Kirchzell is the biggest municipality by land area in the Miltenberg district with a great deal of woodland, and it lies in the Geo-Naturpark Bergstraße-Odenwald. The area, whose geology is bunter-based, is drained by the Waldbach, Gabelbach and Mud into the Main.

Nearby towns include Amorbach, Erbach, Michelstadt, Miltenberg, Mudau and Walldürn.
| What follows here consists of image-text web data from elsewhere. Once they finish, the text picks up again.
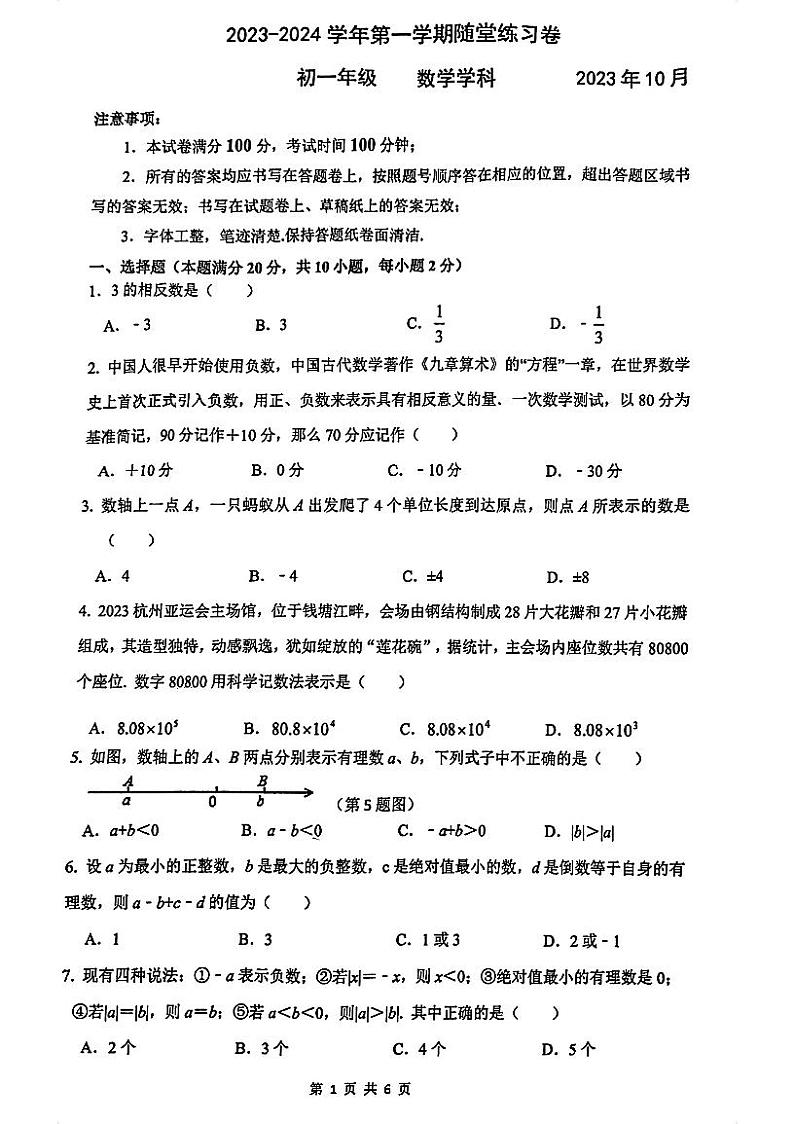 江苏省苏州市工业园区西安交大附中2023-2024学年七年级上学期 数学第一次月考试卷第1页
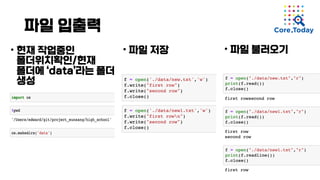 파일 입출력
• 현재 작업중인
폴더위치확인/현재
폴더에 ‘data’라는 폴더
생성
• 파일 저장 • 파일 불러오기
 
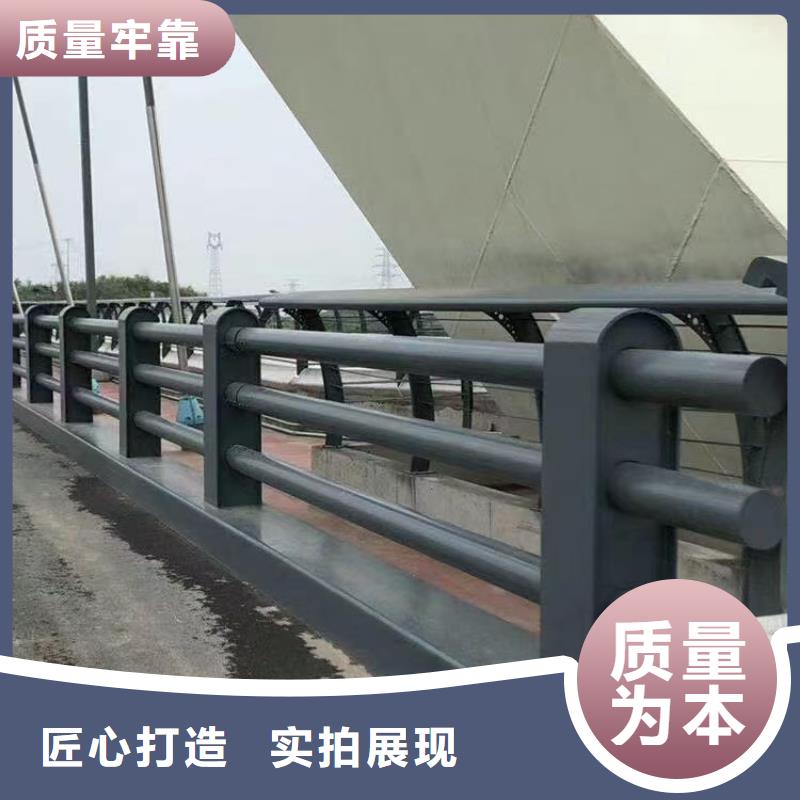 桥梁护栏间距和标准真实拍摄品质可靠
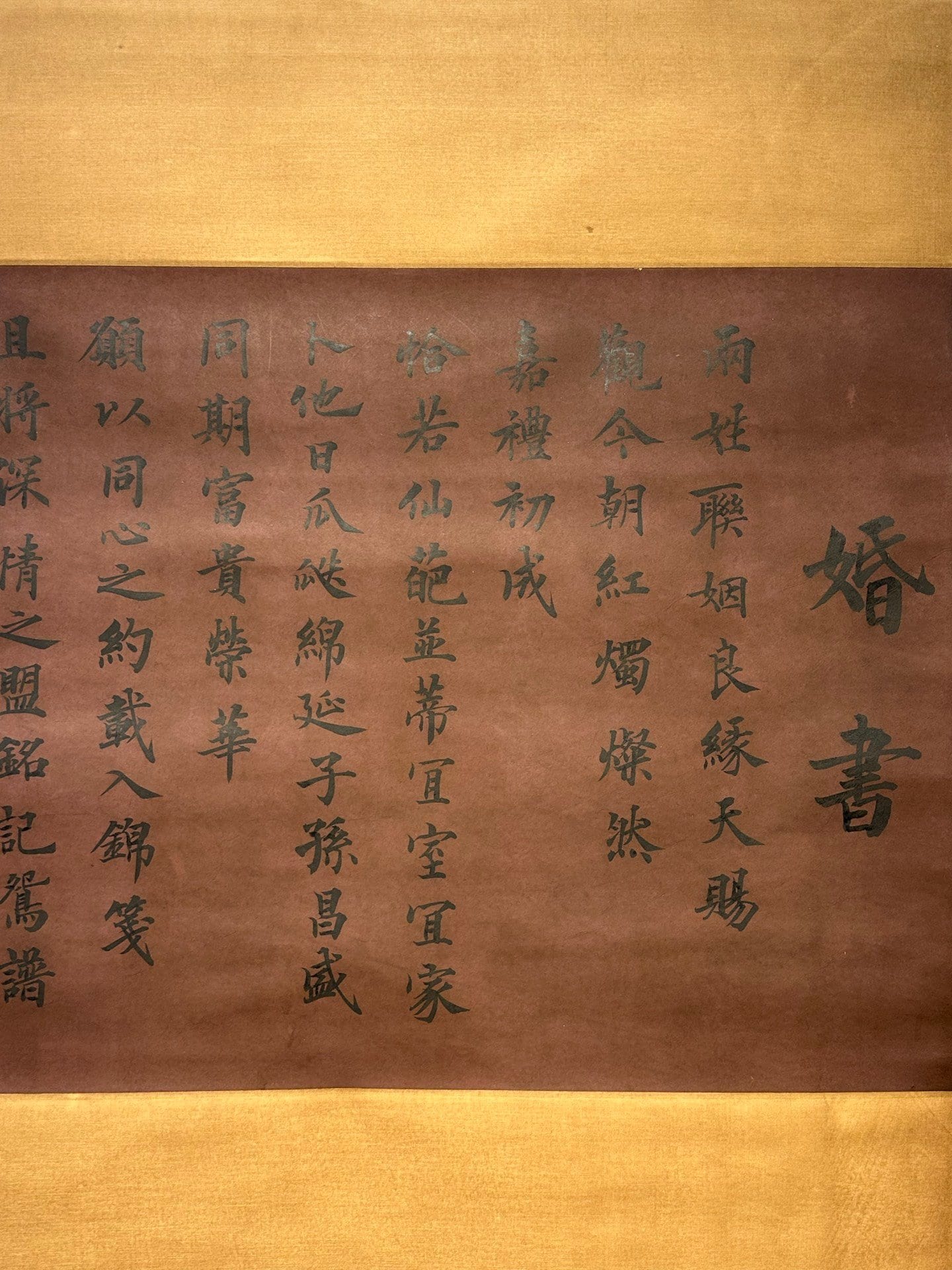 Chinese scroll painting Ouyang Xun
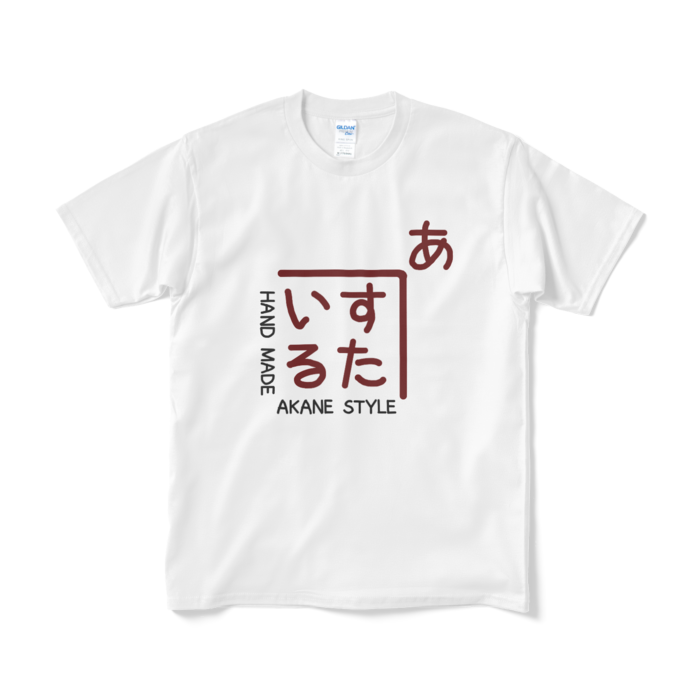 Tシャツ（短納期） - M - ホワイト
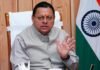 Uttarakhand:-रोपवे परियोजनाओं की धीमी प्रगति पर सीएम धामी ने जताई नाराजगी कहा-राज्य स्थापना दिवस 09 नवम्बर तक रोपवे परियोजनाओं के कार्य धरातल पर दिखें
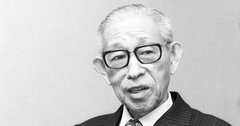 松下幸之助が教える「部下に働いてもらうコツ」全然できてない会社が多すぎるだろ…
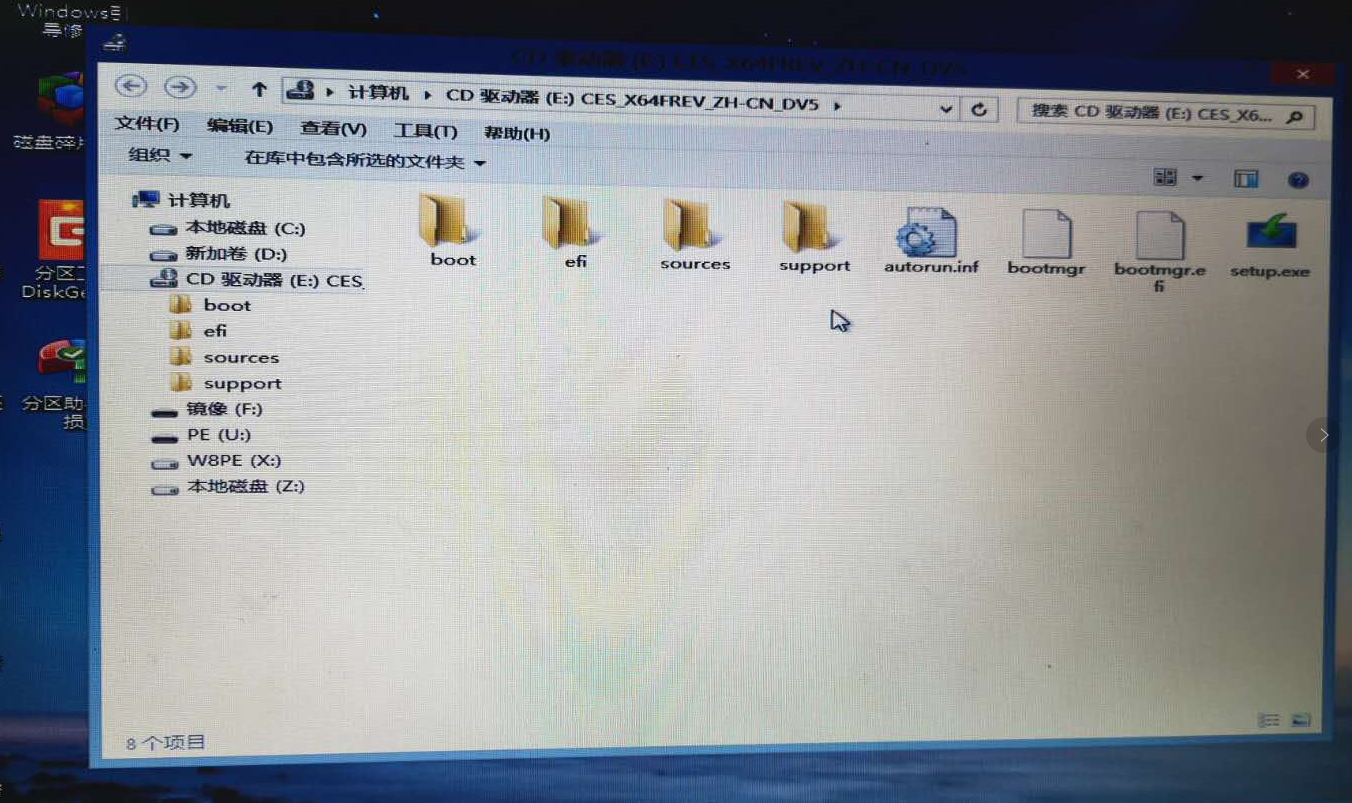 安装纯净版windows系统，win10企业版LTSC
=== Constituent communities ===
Kirchzell's Ortsteile are Breitenbach, Breitenbuch, Buch, Kirchzell, Ottorfszell, Preunschen and Watterbach.

== History ==
Kirchzell is a community with a 1,200-year history. Kirchzell owes its founding and its name to the Benedictine abbey in Amorbach. In 1168, the Amorbach Abbey and thereby also Kirchzell ended up under the lordship of the Lords of Dürn. This princely family built Wildenberg Castle (Burg Wildenberg) upon the Preunschener Berg, a highlight in Staufer-era castle building. One hundred years later, the Lords of Dürn sold the Archbishop of Mainz their estates. In 1700, Kirchzell was granted market rights, as it was the middle point of the Kirchzeller Grund.

The Electoral Mainz Amt was assigned in the 1803 Reichsdeputationshauptschluss to the Princes of Leiningen, later being mediatized by Baden in 1806 and then in 1810 ceded to the Hesse-Darmstadt. In the Hesse-Bavaria Rezess (Frankfurt 1816) it finally passed to Bavaria.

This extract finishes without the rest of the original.